Recognizing Aggression and Violent Relationships
In her duet with rapper Eminem, Rihanna sings: “Just gonna stand there / And watch me burn / But that’s alright / Because I like the way it hurts … / But that’s alright / Because I love / The way you lie.” In a world where musical sensations like Rihanna portray violent relationships as something to tolerate, teens are constantly processing what are acceptable behaviors in a relationship.
Does your teen know the difference between healthy and unhealthy behaviors? Would she come to you if, after she talked to another guy at a party, her boyfriend got angry and smashed his fist into the wall? Does your son believe that a slap or a threat is violence?

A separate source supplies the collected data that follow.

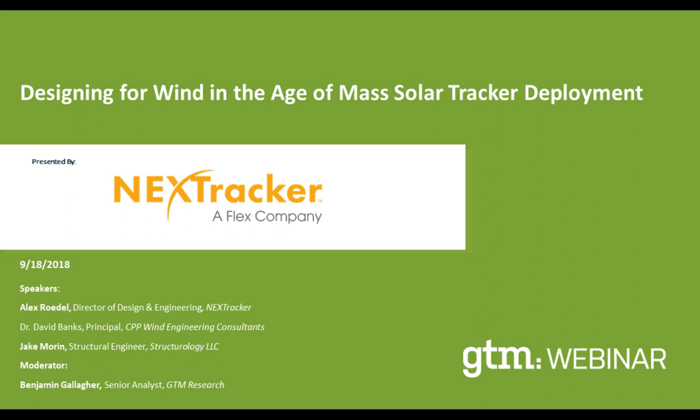Hello and welcome everyone to another complimentary Greentech Media webinar. Today's webinar is part of a series we do throughout the year to help keep professionals in the solar market informed through research and analysis on the latest technologies and market trends. Today's presentation, 'Designing for Wind in the Age of Mass Solar Tracker Deployment,' is brought to you by NextTracker.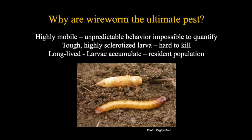As Ben mentioned, wireworms are highly sclerotized - that tough cuticle makes them very hard to kill. They're also highly mobile with unpredictable behavior, making it almost impossible to quantify them. And they are long-lived. Because of the accumulation of overlapping generations from multiple years, you have this resident population existing in the soil - with some addition and subtraction each year, but basically they're hanging around as long as there's food.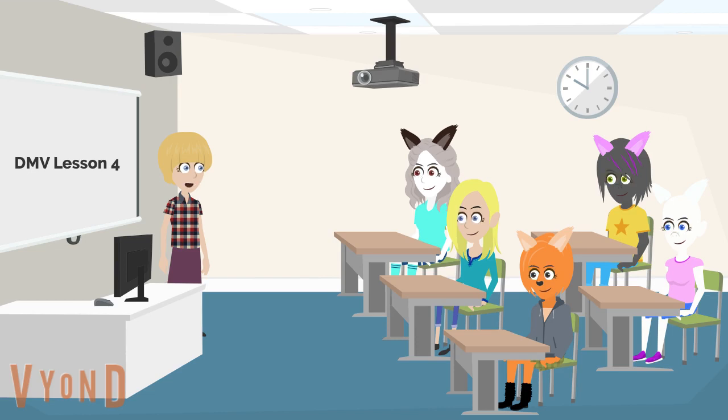All girls, pay close attention. Esmeralda, look at the board when directed.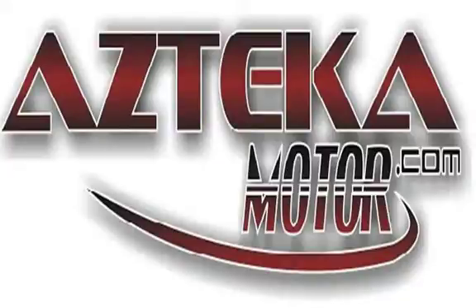Come to any of our four locations with proof of income, proof of address, ID and your down payment. Once you find your perfect vehicle, you'll be driving away in your new vehicle in less than one hour guaranteed. You can spend the rest of your day cruising around in your new ride.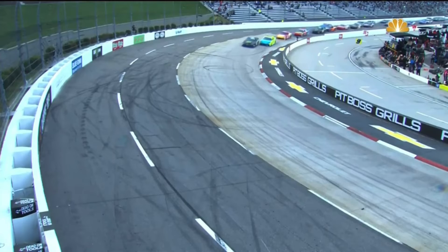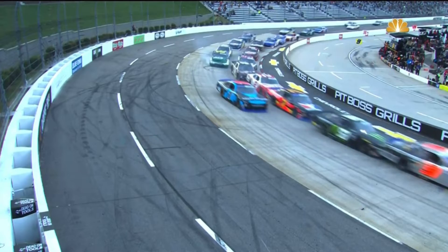Right there — little bitty tap right in the left rear quarter panel sends the 54 up the track to be able to complete the pass. Big issues for the 11 there with some damage. Here you see how the crash, the spin, the back of the pack happened. Hemric.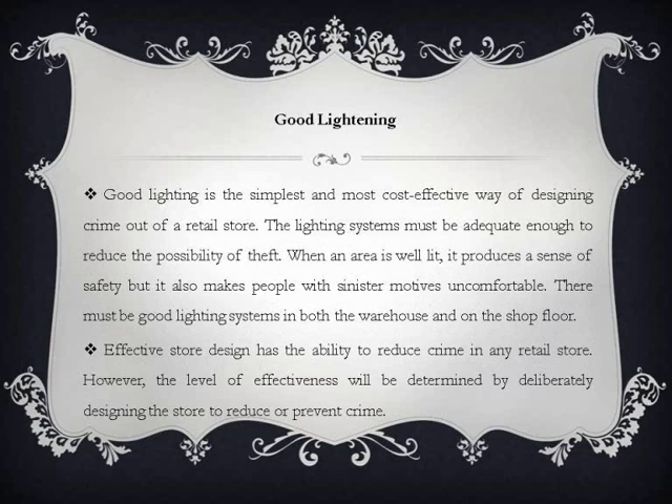Good lighting is the simplest and most cost-effective way of designing crime out of a retail store. The lighting systems must be adequate enough to reduce the possibility of theft. When an area is well lit, it produces a sense of safety, but it also makes people with sinister motives uncomfortable. There must be good lighting systems in both the warehouse and on the shop floor. Effective store design has the ability to reduce crime in any retail store; however, the level of effectiveness will be determined by deliberately designing the store to reduce or prevent crime.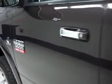On this side, the paint is just as clean and reflective as the other side. There are no dings or dents on this side either.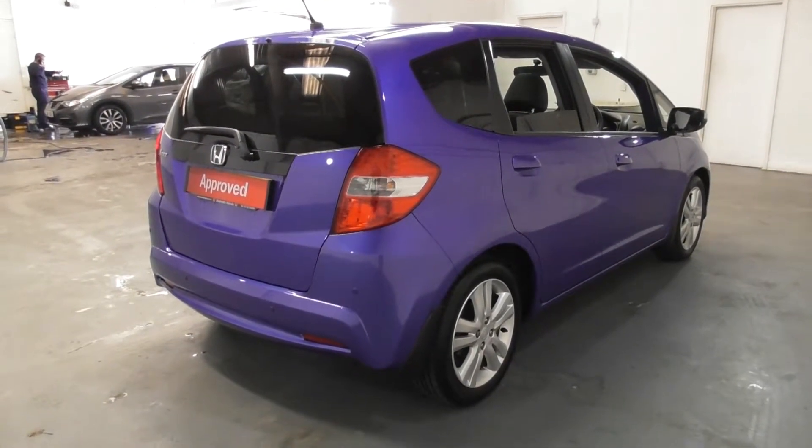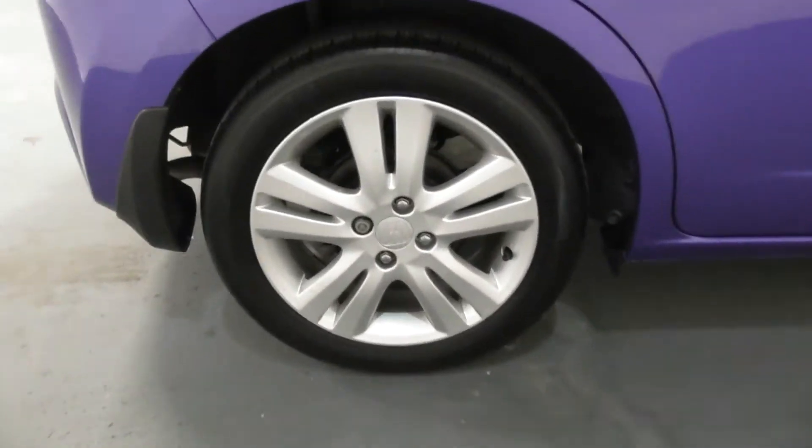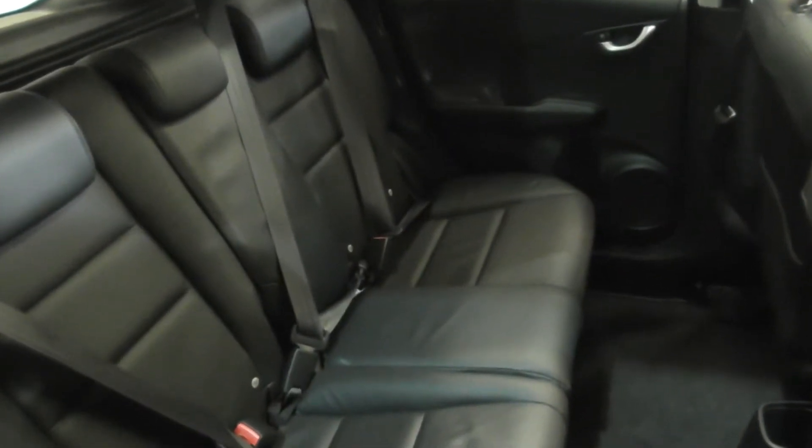The benefits of buying an approved used car from Bassett include complimentary 5 day drive away insurance, a range of financial solutions, 30 day exchange policy, assured vehicle history and half price MOT tests.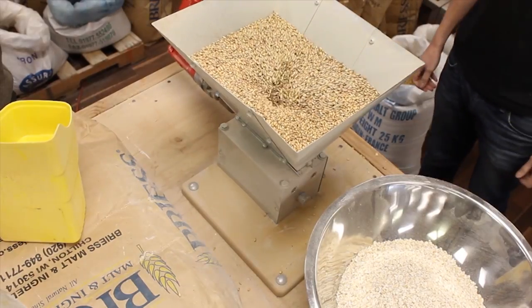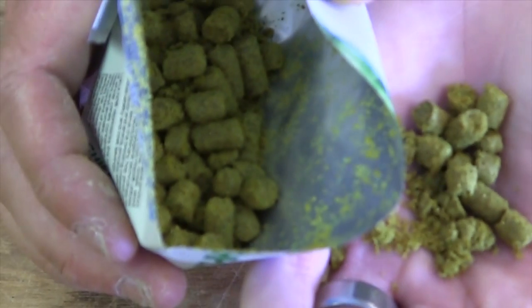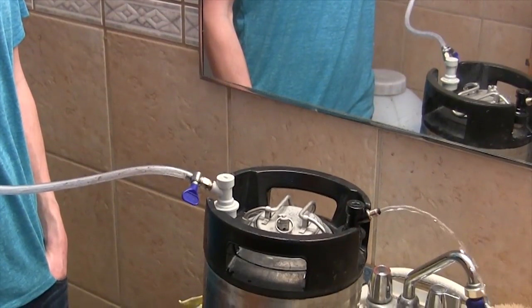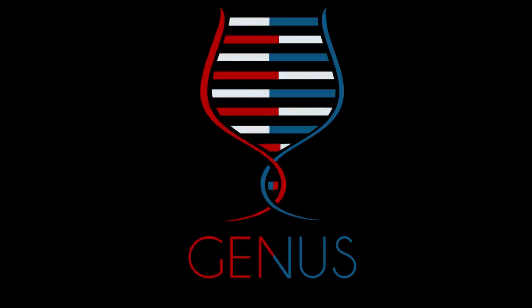Today we're going to Doppel your pleasure and Doppel your fun. So let's go into what makes a difference between a lager — like you hear every bartender ever say, you want a lager or an ale? — and what makes specific lagers, for example, a dark lager like we're tasting today?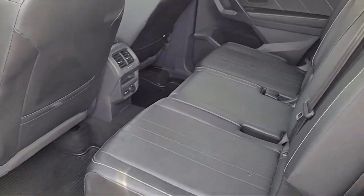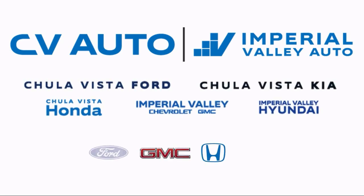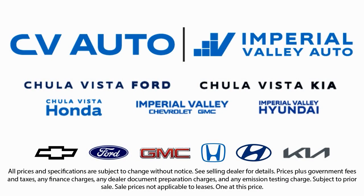Here at Imperial Valley Honda, your car buying experience is our top priority. As a family-owned dealership, we're committed to providing you with exceptional service. We take pride in our fully bilingual staff, ensuring that every customer feels comfortable and understood.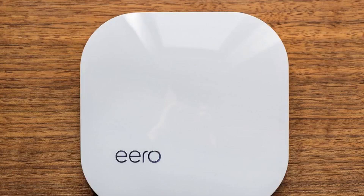Reported today in The Verge: Amazon Eero routers get updated with Apple's HomeKit support. Amazon Eero routers are getting a new update today, adding support for Apple's HomeKit smart home system.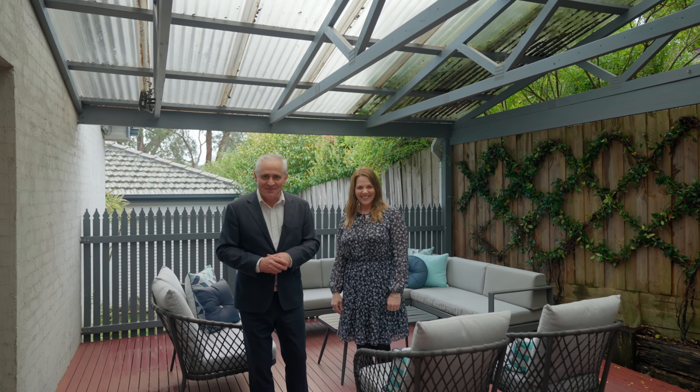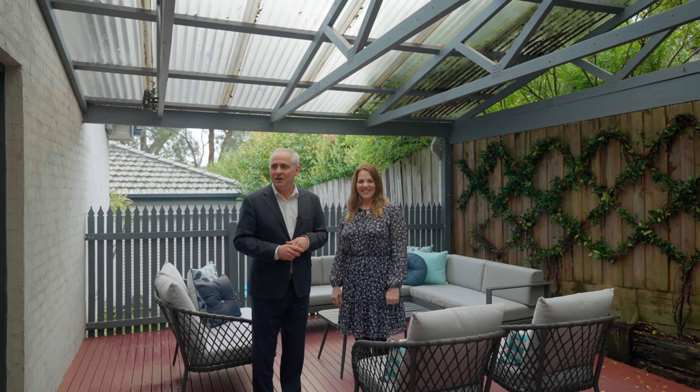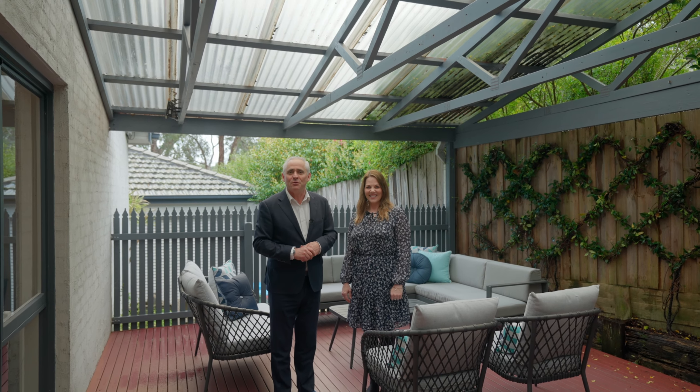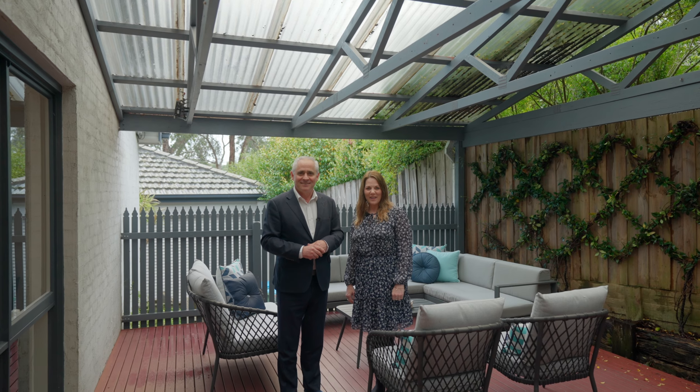This truly is an entertainer's paradise — resort style living at its best. Undercover pergola, heated in-ground swimming pool surrounded by manicured gardens. We look forward to meeting you soon.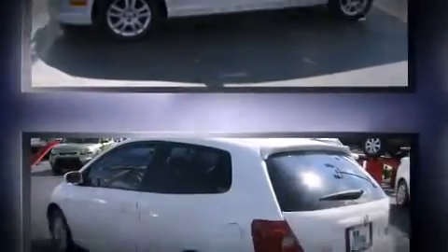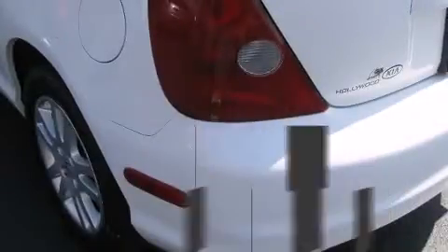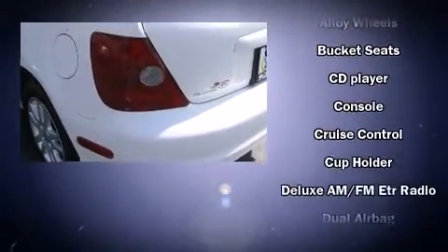You and your passengers will enjoy the stereo system, which includes a CD player with AM-FM radio and six speakers, enhancing the audio experience throughout the interior.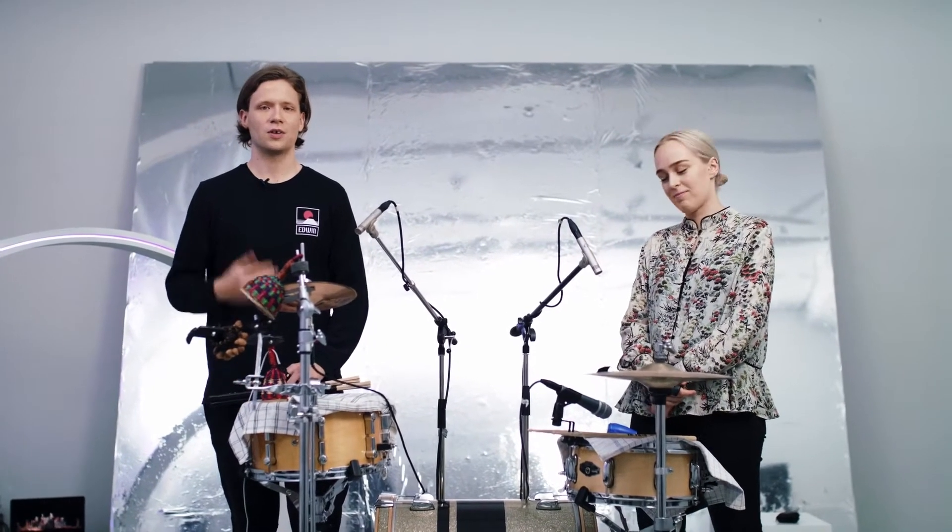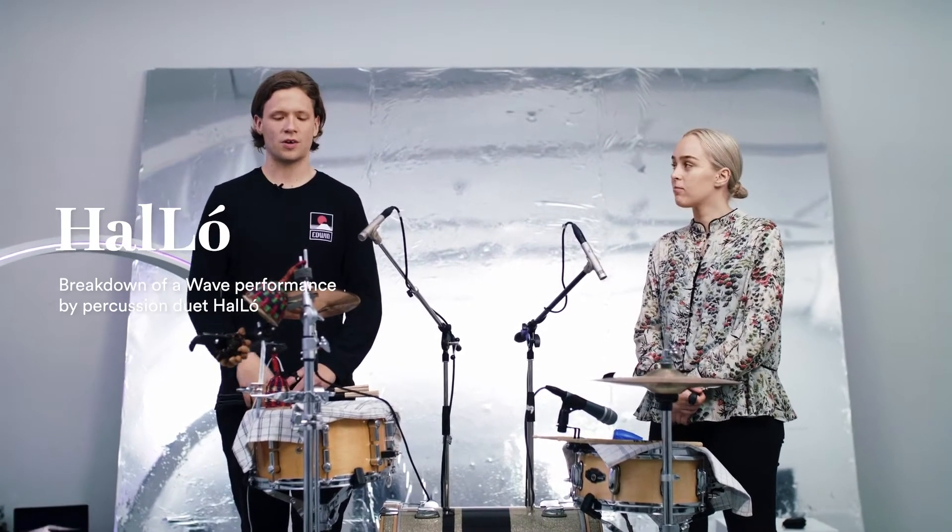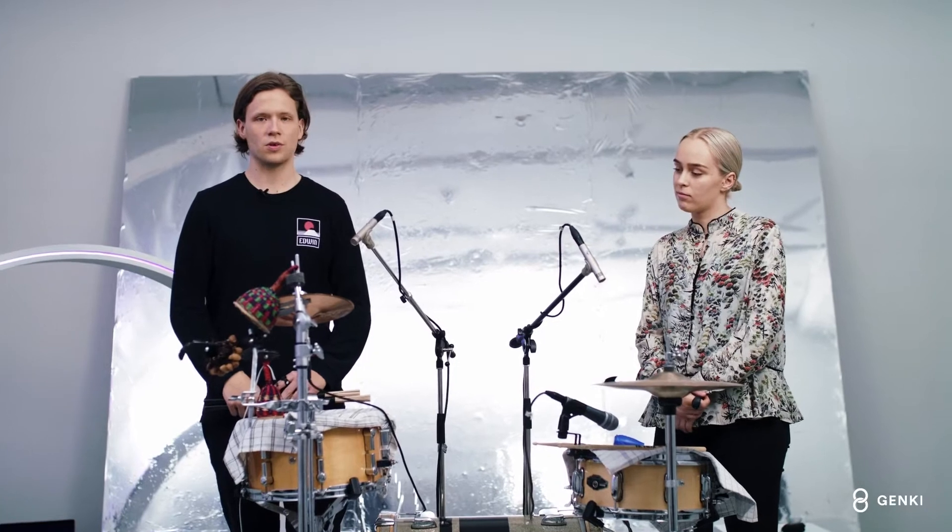Hello! We are the percussion duet Halló. I'm Halldur and this is Lóa. We are using Wave in our setup here to control effects that are manipulating the drums in real time.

It’s hard to know if teens understand when things can be worked out with an aggressive partner, and when they can’t. Ask her: “When would there be a good reason to stay?” If she responds with something like, “When I can take back my rights, trust him not to push me again and build a healthier relationship,” then you might want to talk about what makes for a healthy relationship, and what skills will allow her to get her needs met.
“Healthy relationships are about being mutual,” says Dr. Joanne Davila, professor of psychology at State University of New York at Stony Brook. “(They are about) being able to have open, two-way conversations to see each other’s perspective, listen (without judgment), take turns talking, and adjust your perspective when the other raises good points.”
Teens often don’t recognize violence within a relationship or understand manipulation when it comes from a boyfriend or girlfriend. They’re so into the relationship, they believe that no matter how the person treats them, it’s OK as long as they stay.
I once said to my teen daughter, “Honey, if you have to lie to him to see your friends, he’s a control freak. That’s not healthy. You have to break up with him.” But was that the right thing to say? Probably not; it’s dictatorial.
When you tell your teen, “You can’t do this,” and “You can’t do that,” she’s thinking, “You don’t trust me. You just want to control me.” So when you tell her this guy’s a control freak and you don’t want her seeing him anymore, a bell goes off – she recognizes you as controlling.
Rather than making demands, give her information. Approach the conversation in a more objective fashion, saying something like, “Emotional abuse often stems from disrespectful ways a guy gets his needs met. A guy shows respect by how he gets his needs met from you. In a healthy relationship he’ll ask for what he wants and leave it up to you to say yes or no. If he gets his needs met by telling, threatening or smashing his fist into a wall, he doesn’t respect you.” Or “Jealousy shows a lack of trust, not love. Excessive jealousy is emotional abuse.”
You also can ask questions: “How do you feel about not seeing your friends as much, now that you’re in a relationship?” Or, “Why do you think she doesn’t want you to be with your friends or family?” Then let him talk.
Setting the Bar
Emotional abuse shouldn’t clear any man or woman’s bar of acceptance, ever. It’s often a precursor to sexual and physical aggression. Our teens believe that who they date and what goes on in their relationships is their own business. It’s a parent’s job to help them set their own standards – their bar.
A girl can establish what behaviors she’ll accept by asking herself questions: “Does he ask for what he wants, and then leave it up to me to say yes or no? Or does he use controlling behaviors like bossing, pressuring, demanding and threatening?”
If a boyfriend or girlfriend gets angry at having to answer questions, or refuses to answer them, then he or she is not being mutual. Create mutual conversations with your teen so he or she can practice this line of thinking and responding in his or her personal relationships and avoid being victim to unhealthy behaviors.
Dr. Julius Licata is director of TeenCentral.net, and Kaycee Jane is the author of “Frog or Prince? The Smart Girl’s Guide to Boyfriends.”